90 ans de Rouco Varela : douze ans à la tête des évêques et vingt comme archevêque de Madrid

90 ans de Rouco Varela : douze ans à la tête des évêques et vingt comme archevêque de Madrid

Le cardinal et archevêque émérite de Madrid, l’une des figures décisives de l’épiscopat espagnol des dernières décennies, a fêté ses quatre-vingt-dix ans le 20 août. Le 31 octobre prochain, il atteindra également les 50 ans depuis sa consécration épiscopale.
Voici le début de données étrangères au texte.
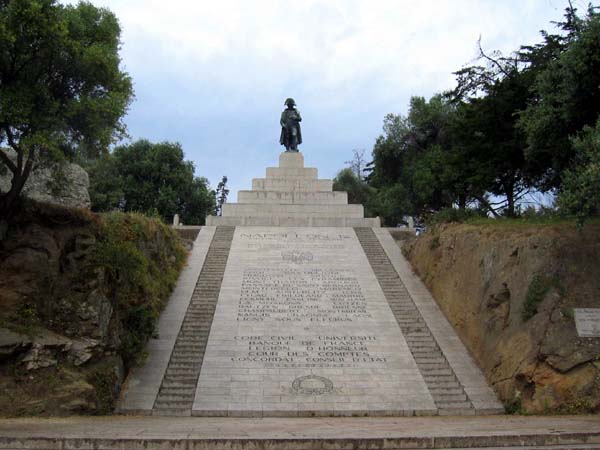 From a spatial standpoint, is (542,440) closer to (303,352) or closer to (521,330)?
(521,330)

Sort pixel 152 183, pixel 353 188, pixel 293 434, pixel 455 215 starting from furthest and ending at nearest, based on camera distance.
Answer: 1. pixel 353 188
2. pixel 152 183
3. pixel 455 215
4. pixel 293 434

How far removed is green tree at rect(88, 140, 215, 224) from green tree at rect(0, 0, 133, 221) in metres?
23.3

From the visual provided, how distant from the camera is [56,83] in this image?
12812mm

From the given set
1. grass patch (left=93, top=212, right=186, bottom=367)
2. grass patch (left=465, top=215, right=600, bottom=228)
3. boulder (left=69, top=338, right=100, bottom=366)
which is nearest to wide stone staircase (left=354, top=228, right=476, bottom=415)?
grass patch (left=465, top=215, right=600, bottom=228)

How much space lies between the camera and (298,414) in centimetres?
1129

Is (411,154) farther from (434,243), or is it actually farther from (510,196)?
(434,243)

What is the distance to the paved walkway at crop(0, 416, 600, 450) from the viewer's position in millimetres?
7449

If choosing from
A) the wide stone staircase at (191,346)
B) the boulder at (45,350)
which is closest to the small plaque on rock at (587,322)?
the wide stone staircase at (191,346)

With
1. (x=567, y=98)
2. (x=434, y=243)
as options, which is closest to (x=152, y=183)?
(x=434, y=243)

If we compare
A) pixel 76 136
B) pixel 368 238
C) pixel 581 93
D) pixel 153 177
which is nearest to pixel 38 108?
pixel 76 136

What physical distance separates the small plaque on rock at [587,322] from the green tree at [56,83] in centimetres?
1021

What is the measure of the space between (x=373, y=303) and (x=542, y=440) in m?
8.89

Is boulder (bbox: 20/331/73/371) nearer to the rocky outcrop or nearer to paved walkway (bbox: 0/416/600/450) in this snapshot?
the rocky outcrop

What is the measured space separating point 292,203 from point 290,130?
4.61m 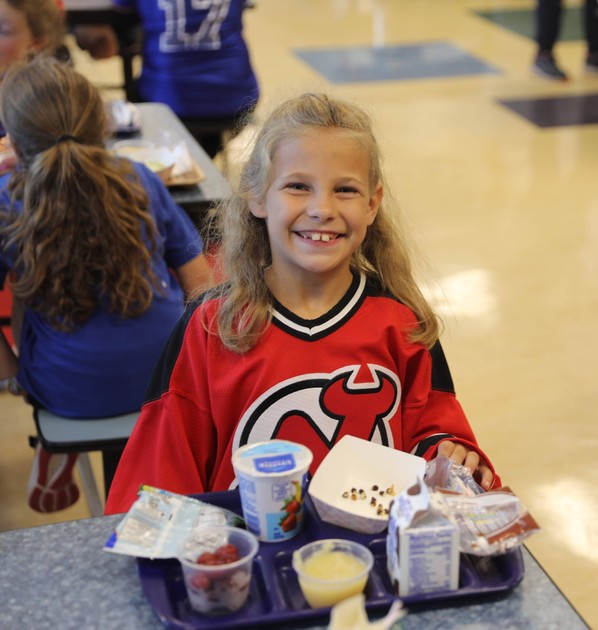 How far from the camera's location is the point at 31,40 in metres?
2.90

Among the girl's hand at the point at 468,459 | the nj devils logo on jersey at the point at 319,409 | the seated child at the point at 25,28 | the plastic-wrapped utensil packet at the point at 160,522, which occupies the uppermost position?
the seated child at the point at 25,28

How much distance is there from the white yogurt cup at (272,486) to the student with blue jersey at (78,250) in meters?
0.98

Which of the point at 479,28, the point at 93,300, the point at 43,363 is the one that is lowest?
the point at 479,28

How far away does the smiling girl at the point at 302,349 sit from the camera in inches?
58.5

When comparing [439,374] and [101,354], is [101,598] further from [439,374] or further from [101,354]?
[101,354]

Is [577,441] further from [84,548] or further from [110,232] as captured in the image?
[84,548]

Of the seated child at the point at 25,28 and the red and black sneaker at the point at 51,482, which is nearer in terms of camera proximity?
the red and black sneaker at the point at 51,482

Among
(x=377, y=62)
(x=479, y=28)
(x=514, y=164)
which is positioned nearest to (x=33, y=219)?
(x=514, y=164)

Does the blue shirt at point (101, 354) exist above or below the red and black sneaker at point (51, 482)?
above

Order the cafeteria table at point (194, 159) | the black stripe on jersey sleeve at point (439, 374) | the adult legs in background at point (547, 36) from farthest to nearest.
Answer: the adult legs in background at point (547, 36)
the cafeteria table at point (194, 159)
the black stripe on jersey sleeve at point (439, 374)

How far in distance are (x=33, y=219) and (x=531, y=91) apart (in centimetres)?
477

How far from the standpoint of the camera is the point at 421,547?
109 cm

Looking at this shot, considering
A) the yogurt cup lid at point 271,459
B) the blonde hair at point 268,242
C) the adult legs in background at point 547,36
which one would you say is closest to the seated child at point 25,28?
the blonde hair at point 268,242

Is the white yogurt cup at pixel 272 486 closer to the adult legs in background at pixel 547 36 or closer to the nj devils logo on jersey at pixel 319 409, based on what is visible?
the nj devils logo on jersey at pixel 319 409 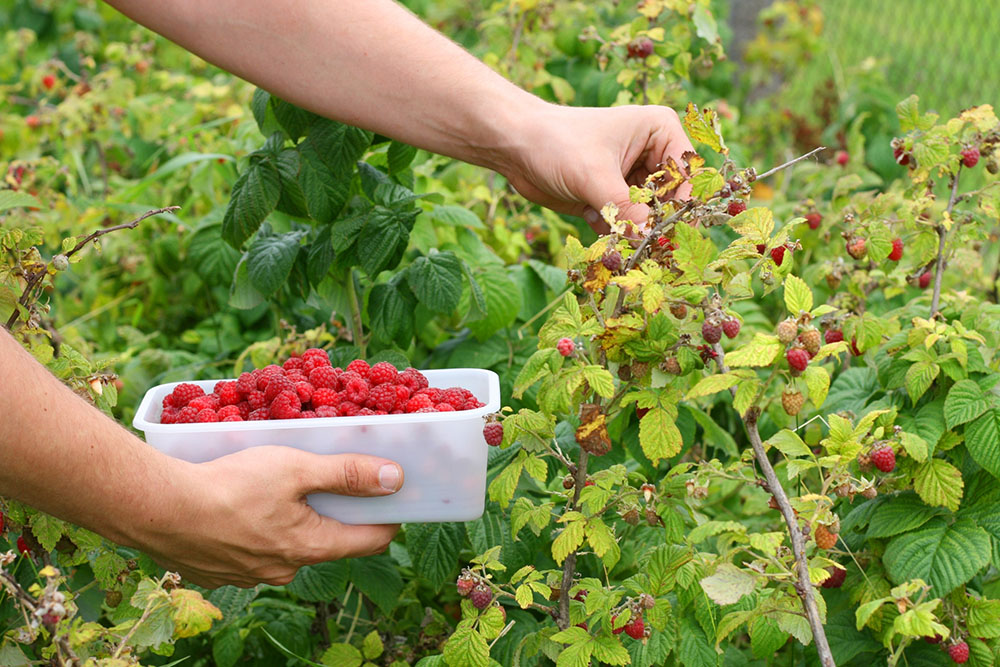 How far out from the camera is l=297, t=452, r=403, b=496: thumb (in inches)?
47.2

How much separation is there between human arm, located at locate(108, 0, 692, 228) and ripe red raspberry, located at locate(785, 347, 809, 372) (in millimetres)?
510

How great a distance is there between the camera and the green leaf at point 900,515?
1.33 metres

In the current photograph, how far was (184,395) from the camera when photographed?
1330mm

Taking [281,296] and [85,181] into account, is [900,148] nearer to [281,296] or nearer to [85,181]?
[281,296]

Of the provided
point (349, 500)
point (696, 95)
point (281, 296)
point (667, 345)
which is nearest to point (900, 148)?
point (667, 345)

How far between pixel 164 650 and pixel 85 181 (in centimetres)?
Result: 213

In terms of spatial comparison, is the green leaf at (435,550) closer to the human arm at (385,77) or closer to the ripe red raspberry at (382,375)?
the ripe red raspberry at (382,375)

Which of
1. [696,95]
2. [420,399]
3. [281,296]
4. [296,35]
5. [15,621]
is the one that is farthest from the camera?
[696,95]

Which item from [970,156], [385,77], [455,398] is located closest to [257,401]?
[455,398]

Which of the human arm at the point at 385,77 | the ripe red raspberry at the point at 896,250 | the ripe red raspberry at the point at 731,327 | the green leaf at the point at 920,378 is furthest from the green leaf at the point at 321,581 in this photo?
the ripe red raspberry at the point at 896,250

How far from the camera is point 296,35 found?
1.54m

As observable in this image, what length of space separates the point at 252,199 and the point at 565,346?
76cm

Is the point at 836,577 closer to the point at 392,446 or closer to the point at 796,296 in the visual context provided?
the point at 796,296

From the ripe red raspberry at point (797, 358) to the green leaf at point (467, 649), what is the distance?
484mm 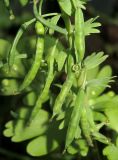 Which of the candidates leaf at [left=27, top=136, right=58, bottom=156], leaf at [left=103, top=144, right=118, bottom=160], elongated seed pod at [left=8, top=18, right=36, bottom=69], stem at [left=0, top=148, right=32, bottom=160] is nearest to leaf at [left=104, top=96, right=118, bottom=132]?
leaf at [left=103, top=144, right=118, bottom=160]

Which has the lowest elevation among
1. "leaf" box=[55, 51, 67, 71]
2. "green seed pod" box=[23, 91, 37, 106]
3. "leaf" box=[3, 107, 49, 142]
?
"leaf" box=[3, 107, 49, 142]

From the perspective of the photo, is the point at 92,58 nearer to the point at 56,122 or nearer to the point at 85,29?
the point at 85,29

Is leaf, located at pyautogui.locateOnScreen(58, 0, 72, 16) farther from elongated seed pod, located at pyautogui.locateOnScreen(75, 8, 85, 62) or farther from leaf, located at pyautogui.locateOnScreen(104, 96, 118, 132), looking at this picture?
leaf, located at pyautogui.locateOnScreen(104, 96, 118, 132)

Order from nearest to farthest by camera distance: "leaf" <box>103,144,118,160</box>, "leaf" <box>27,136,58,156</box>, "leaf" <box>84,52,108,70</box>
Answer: "leaf" <box>84,52,108,70</box> → "leaf" <box>103,144,118,160</box> → "leaf" <box>27,136,58,156</box>

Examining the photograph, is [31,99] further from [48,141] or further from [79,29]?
[79,29]

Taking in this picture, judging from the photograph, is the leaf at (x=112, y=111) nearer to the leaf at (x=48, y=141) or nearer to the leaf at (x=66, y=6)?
the leaf at (x=48, y=141)

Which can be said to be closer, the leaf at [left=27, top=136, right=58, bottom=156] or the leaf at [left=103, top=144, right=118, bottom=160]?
the leaf at [left=103, top=144, right=118, bottom=160] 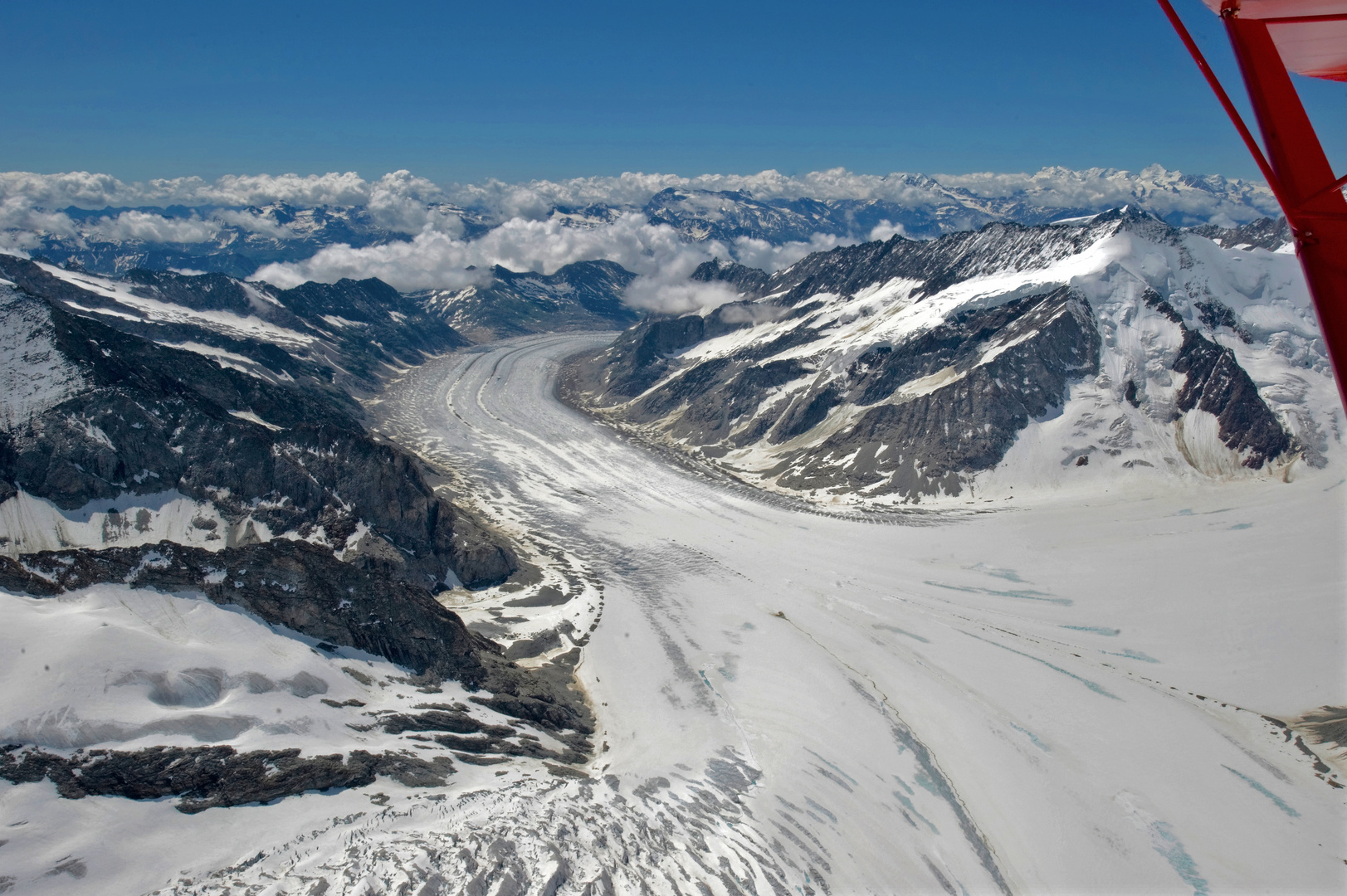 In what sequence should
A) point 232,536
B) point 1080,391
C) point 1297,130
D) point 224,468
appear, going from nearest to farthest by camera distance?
point 1297,130, point 232,536, point 224,468, point 1080,391

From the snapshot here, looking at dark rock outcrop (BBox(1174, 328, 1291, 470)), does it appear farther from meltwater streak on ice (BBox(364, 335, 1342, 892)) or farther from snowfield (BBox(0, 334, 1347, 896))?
meltwater streak on ice (BBox(364, 335, 1342, 892))

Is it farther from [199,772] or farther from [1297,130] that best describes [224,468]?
[1297,130]

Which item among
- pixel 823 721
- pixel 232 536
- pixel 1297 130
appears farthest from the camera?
pixel 232 536

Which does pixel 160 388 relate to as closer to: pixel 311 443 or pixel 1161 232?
pixel 311 443

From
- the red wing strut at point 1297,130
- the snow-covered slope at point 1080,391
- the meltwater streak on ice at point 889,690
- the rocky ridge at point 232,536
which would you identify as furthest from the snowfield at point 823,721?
the red wing strut at point 1297,130

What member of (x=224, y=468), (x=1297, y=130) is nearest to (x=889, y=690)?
(x=1297, y=130)

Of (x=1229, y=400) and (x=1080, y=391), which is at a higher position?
(x=1229, y=400)

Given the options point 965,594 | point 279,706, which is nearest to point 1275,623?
point 965,594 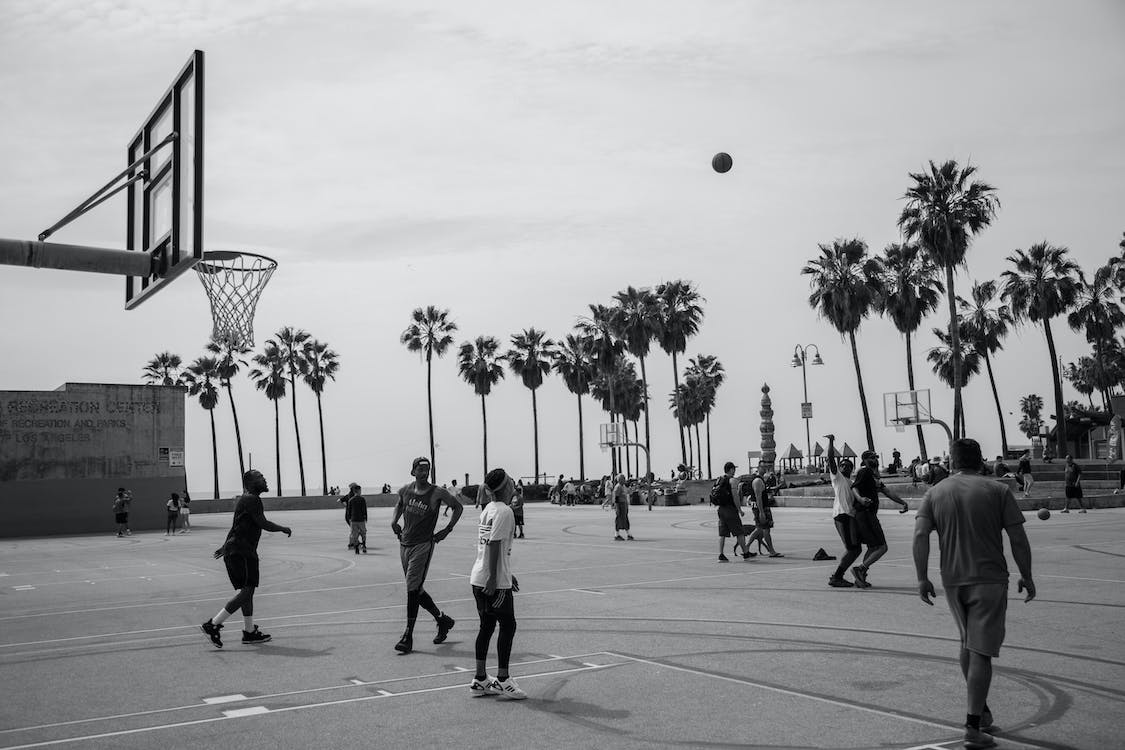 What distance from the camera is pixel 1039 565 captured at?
15422mm

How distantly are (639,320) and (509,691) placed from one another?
5989 cm

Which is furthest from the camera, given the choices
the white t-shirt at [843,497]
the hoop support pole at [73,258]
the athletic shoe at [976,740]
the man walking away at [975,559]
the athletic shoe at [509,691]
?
the white t-shirt at [843,497]

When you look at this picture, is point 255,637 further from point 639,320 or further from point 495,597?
point 639,320

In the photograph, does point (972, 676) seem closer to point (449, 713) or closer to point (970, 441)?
point (970, 441)

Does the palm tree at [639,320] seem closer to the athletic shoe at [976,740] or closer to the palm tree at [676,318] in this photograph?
the palm tree at [676,318]

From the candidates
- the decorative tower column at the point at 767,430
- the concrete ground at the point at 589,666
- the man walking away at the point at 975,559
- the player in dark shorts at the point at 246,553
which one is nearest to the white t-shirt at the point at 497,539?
the concrete ground at the point at 589,666

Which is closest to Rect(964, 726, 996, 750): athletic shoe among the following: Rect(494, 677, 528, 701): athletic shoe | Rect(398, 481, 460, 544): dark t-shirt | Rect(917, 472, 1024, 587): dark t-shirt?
Rect(917, 472, 1024, 587): dark t-shirt

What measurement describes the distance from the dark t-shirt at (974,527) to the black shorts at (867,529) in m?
7.61

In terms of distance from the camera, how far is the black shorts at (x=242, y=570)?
34.2 ft

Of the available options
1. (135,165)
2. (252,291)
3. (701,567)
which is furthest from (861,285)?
(135,165)

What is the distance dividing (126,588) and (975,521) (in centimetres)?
1496

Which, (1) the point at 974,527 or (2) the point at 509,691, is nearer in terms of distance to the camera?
(1) the point at 974,527

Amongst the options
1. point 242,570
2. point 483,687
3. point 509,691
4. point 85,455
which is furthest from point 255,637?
point 85,455

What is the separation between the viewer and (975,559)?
20.0 feet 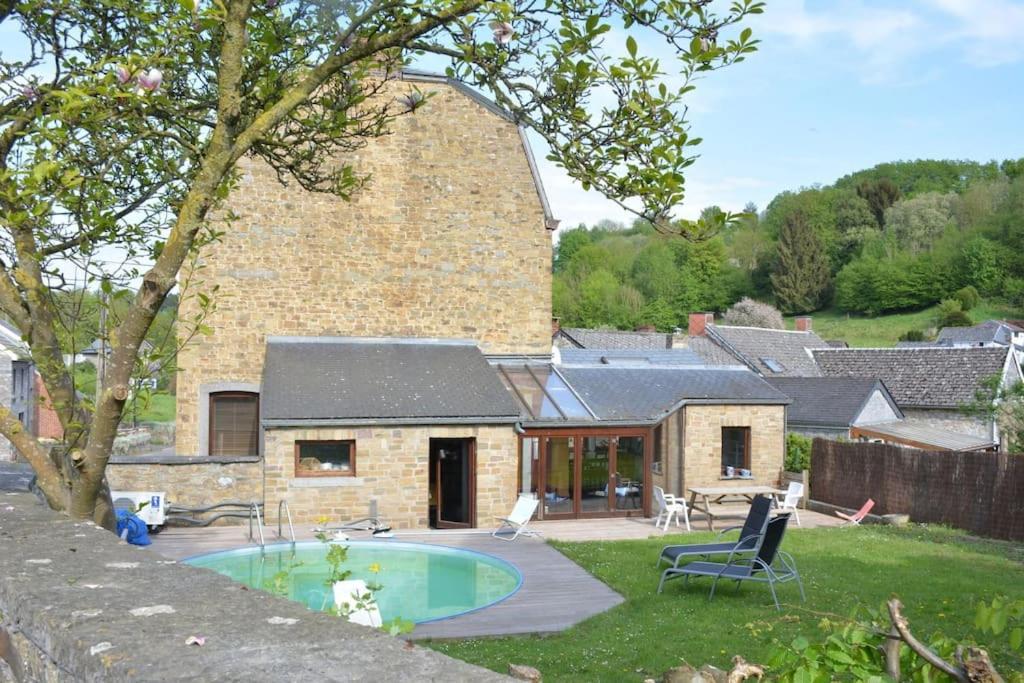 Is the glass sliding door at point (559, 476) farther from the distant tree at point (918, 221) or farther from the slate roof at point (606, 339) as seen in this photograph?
the distant tree at point (918, 221)

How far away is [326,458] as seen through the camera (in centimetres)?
1669

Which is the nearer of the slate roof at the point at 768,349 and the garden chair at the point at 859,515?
the garden chair at the point at 859,515

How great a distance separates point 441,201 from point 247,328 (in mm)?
4895

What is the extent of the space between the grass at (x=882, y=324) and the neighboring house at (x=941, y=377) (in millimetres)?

Le cardinal Antonio María Rouco Varela a fêté ses 90 ans le 20 août dernier et s’approche d’un autre anniversaire exceptionnel : le 31 octobre prochain marquera 50 ans depuis son ordination épiscopale. Archevêque de Saint-Jacques-de-Compostelle puis de Madrid, président pendant douze ans de la Conférence épiscopale espagnole et cardinal depuis 1998, son parcours traverse une grande partie de l’histoire récente de l’Église en Espagne.

Né à Villalba (Lugo), en Galice, le 20 août 1936, il entre enfant au séminaire de Mondoñedo puis étudie la théologie à l’Université pontificale de Salamanque. Il est ordonné prêtre le 28 mars 1959 et la même année s’installe à Munich, en Allemagne, où il étudie le droit et la théologie et obtient en 1964 le doctorat en droit canonique. Avant de s’engager pleinement dans le gouvernement de l’Église, il développe une vaste carrière académique, enseignant à Mondoñedo, Munich et Salamanque, où il devient professeur de droit canonique fondamental et vice-recteur de l’Université pontificale.

De Saint-Jacques-de-Compostelle à Madrid

Son demi-siècle d’épiscopat commence sous Paul VI. En 1976, il est nommé évêque auxiliaire de Saint-Jacques-de-Compostelle et reçoit l’ordination épiscopale le 31 octobre de cette année. Jean-Paul II le nomme archevêque de Saint-Jacques en 1984 et, dix ans plus tard, le 28 juillet 1994, le transfère à Madrid. Dans les deux sièges, il succède au cardinal Ángel Suquía.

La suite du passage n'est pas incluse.